[TASK MATERIAL]:
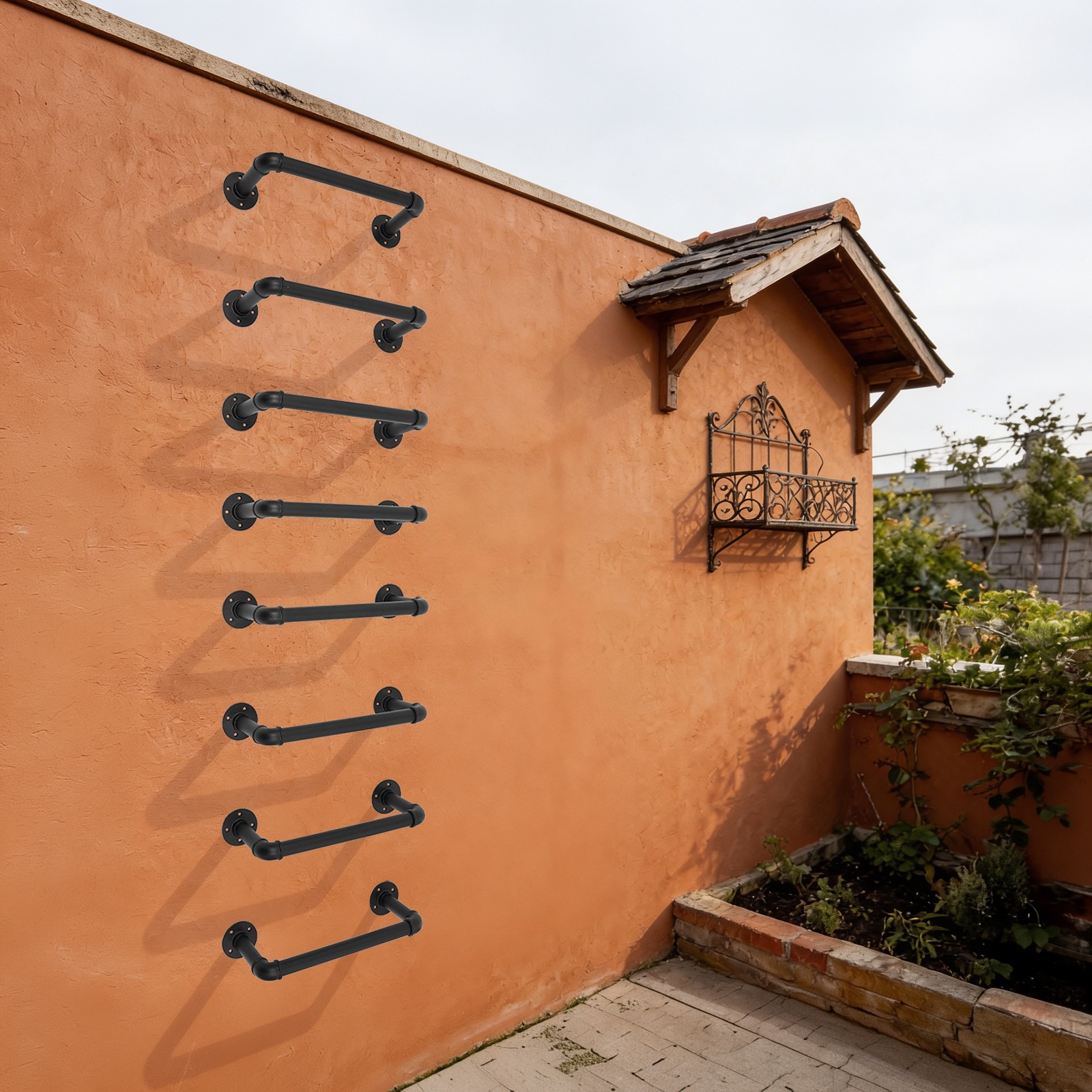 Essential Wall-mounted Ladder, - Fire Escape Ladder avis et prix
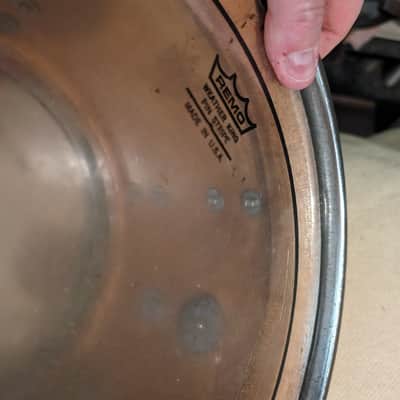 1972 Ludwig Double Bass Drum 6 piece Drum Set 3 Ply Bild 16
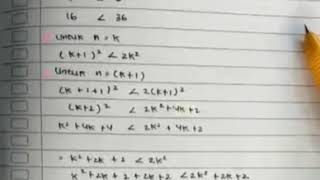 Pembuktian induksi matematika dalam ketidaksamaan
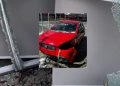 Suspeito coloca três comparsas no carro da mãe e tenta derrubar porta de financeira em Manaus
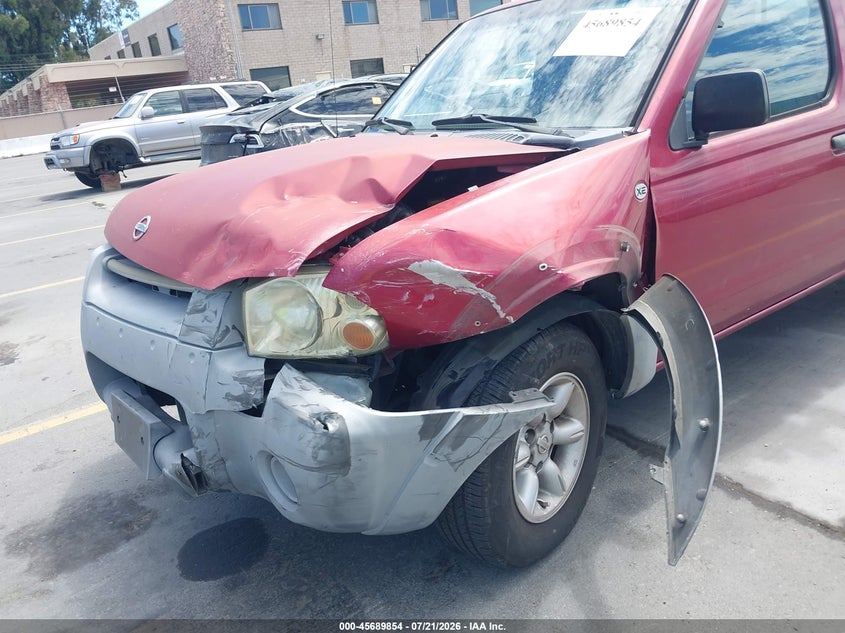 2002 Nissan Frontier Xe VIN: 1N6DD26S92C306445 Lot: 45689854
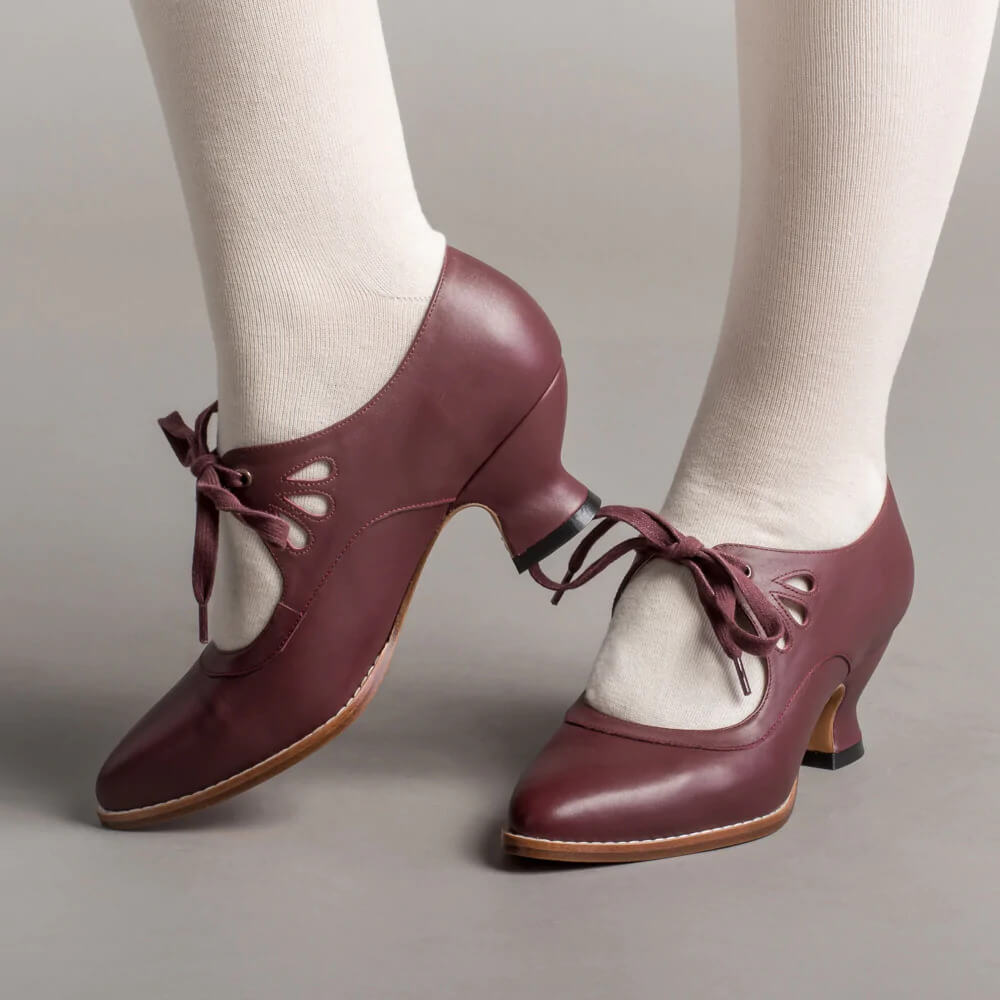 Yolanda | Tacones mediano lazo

[TASK INSTRUCTIONS]:
Transcribe the material above in full. No picture is to be copied.

[RESPONSE]:
 Essential Wall-mounted Ladder, - Fire Escape Ladder avis et prix
 1972 Ludwig Double Bass Drum 6 piece Drum Set 3 Ply Bild 16
 Pembuktian induksi matematika dalam ketidaksamaan
 Suspeito coloca três comparsas no carro da mãe e tenta derrubar porta de financeira em Manaus
 2002 Nissan Frontier Xe VIN: 1N6DD26S92C306445 Lot: 45689854
 Yolanda | Tacones mediano lazo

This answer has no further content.